Il vortice del tempo sovrappone realtà e memoria in immagini che appartengono all’esperienza, al passato che elabora il divenire, come raccolte nello spazio frammentato di un Malevich non suprematista ma in un accenno d’afflato cubofuturista Pier Paolo Giatti gioca nelle sue opere con l’intensità della luce e la poesia del colore, organizza l’anatomia di un’intima idea, diviene pittore dei ricordi visibili. Tutto ciò che un tempo apparteneva alla consuetudine intelligibile che sedimenta negli anni divenendo consapevolezza e maturità è ora quiescenza imprigionata nella gabbia della tela in attesa di ciò che sarà.
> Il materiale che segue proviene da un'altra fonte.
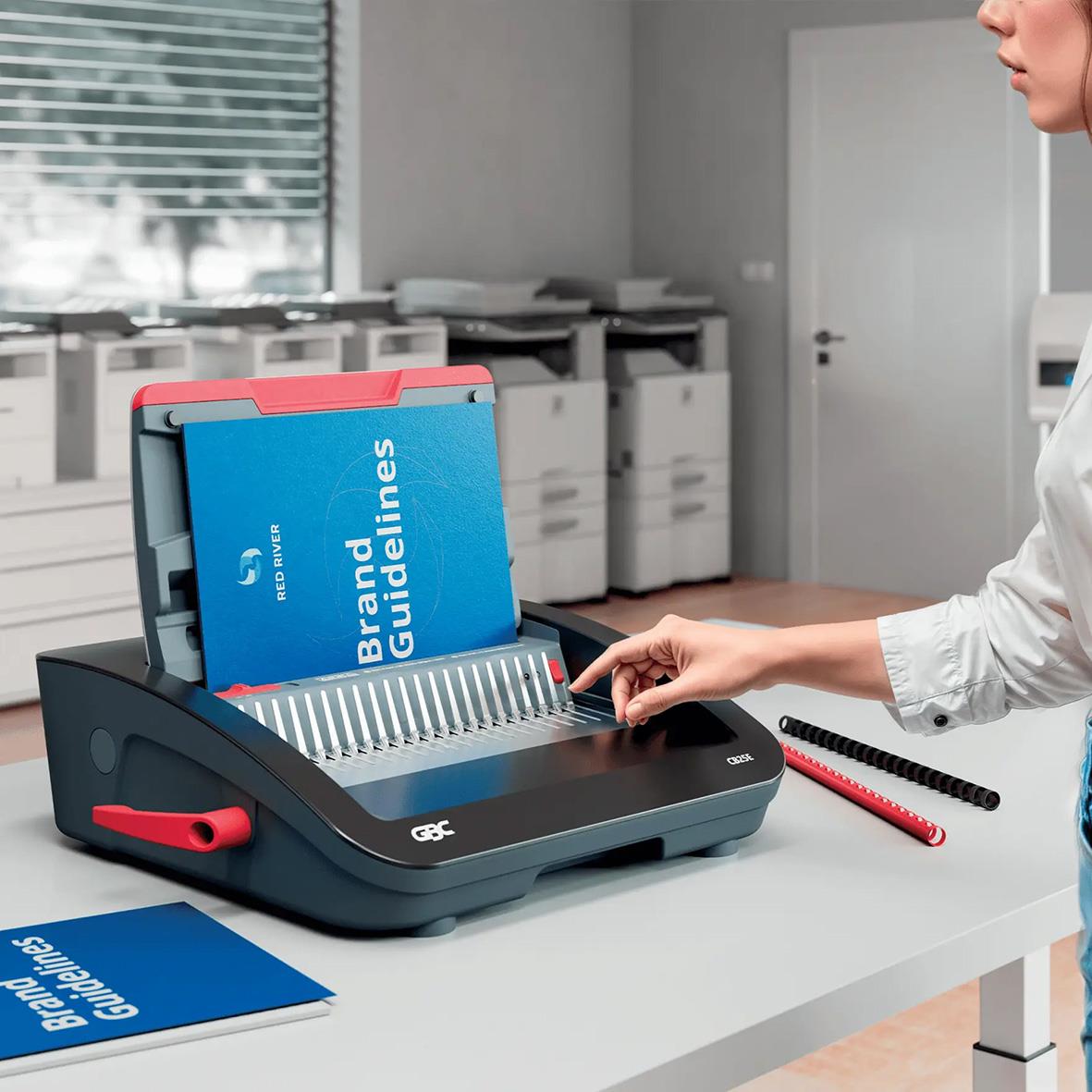 Spiralinbindningsmaskin GBC CombBind CB25E på skrivbord med hand som använder den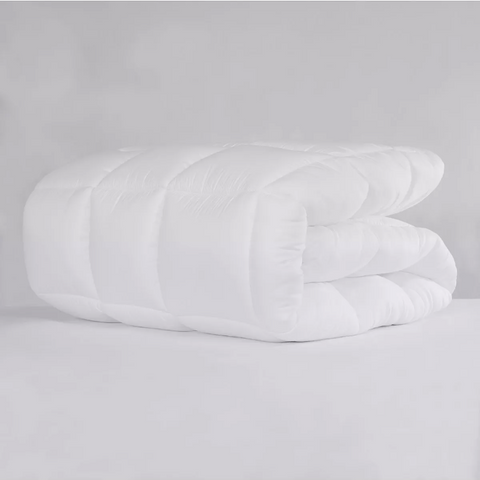 A cozy Pillowtex Classic Weight Down Alternative Comforter/ Duvet on a white background.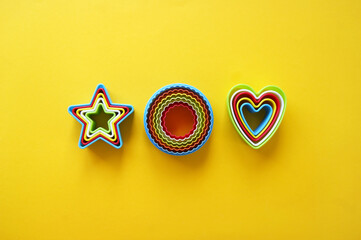 Plastic molds of multi colors for making cookies in the shape of a openwork circle, stars and hearts on a yellow background.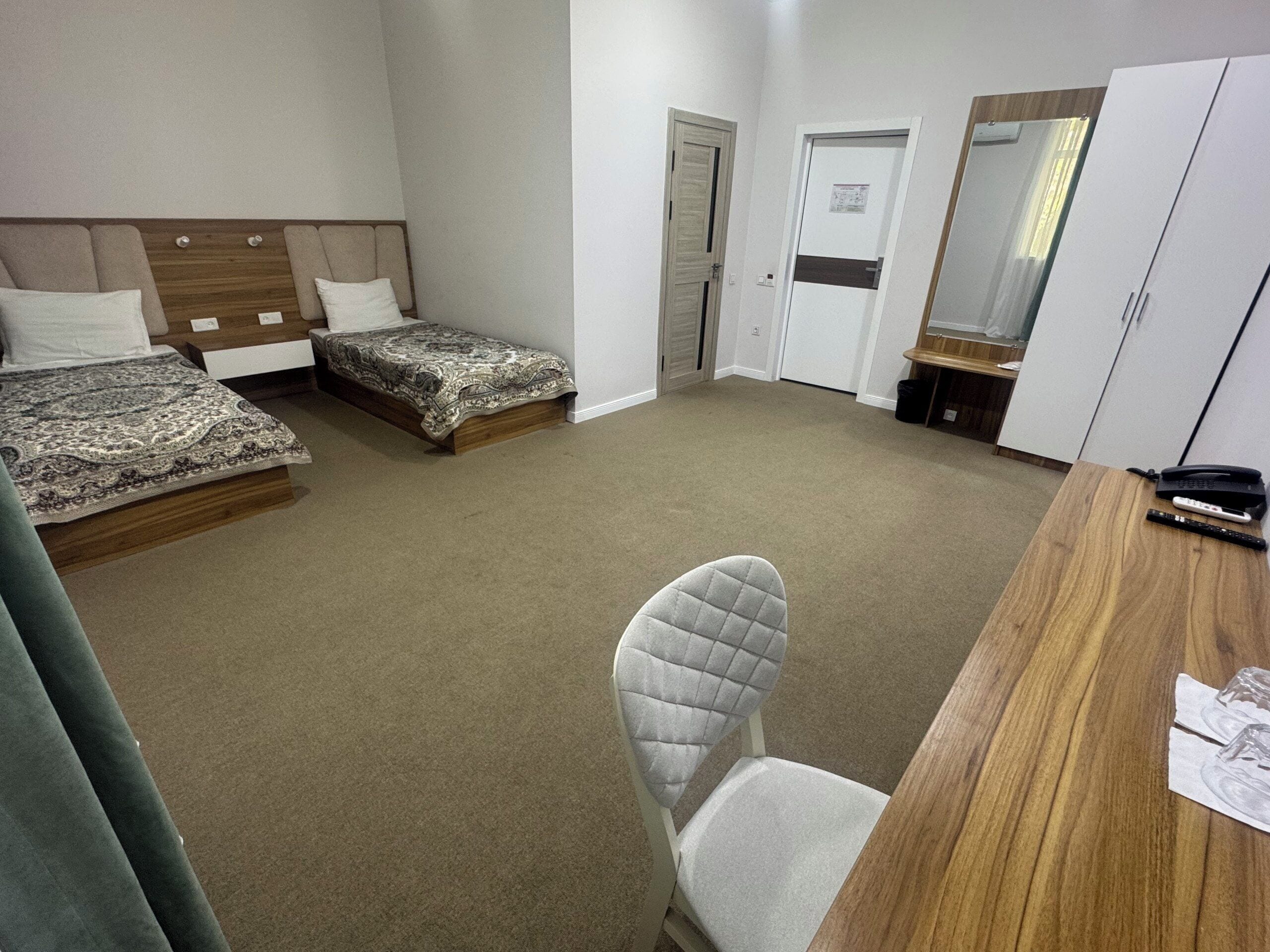 A hotel room with two beds, a desk, a chair, and a wardrobe.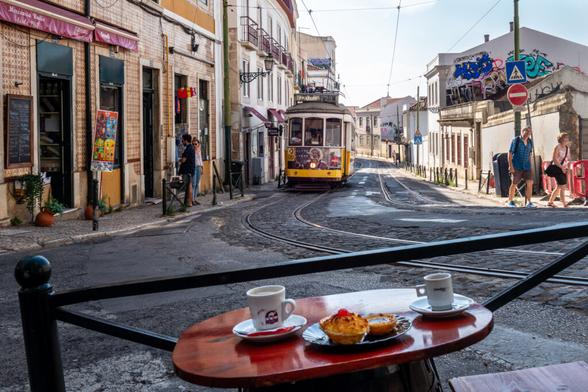 Straßenszene in Lissabon mit vorbeifahrender gelber Straßenbahn der Linie 28. Im Vordergrund ein Café-Tisch mit Espresso und Pastéis de Nata, im Hintergrund Häuser mit Fliesenfassaden, Passanten und Graffiti.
Elementi architettonici, frammenti di quotidianità velati dalle ombre più sottili, squarci d’opere legate alla cultura ellenica e romana, schegge di ordinaria quotidianità, bucano con delicata nostalgia il ritaglio d’infinito in cui il pittore colloca perfette icone di reminiscenza.
Le proprie esperienze, in dinamico progresso, si agitano come fossero fogli di un taccuino le cui pagine, sovrapposte, rarefatte e riordinate dal caso, s’incollano a improbabili frammenti d’un affresco incompiuto, legate da uno spesso filo di certezze che appartengono al passato.
Il mondo che Giatti compone in spazi geometrici emblematici, dove velature luminose ordiscono perfetti moduli pluridirezionali in cui colloca l’evidenza di figure perfette, crea dunque la traccia criptata di una fuga verso il divenire, affinchè l’immanente divenga trascendente nel suo più limpido concetto antitetico.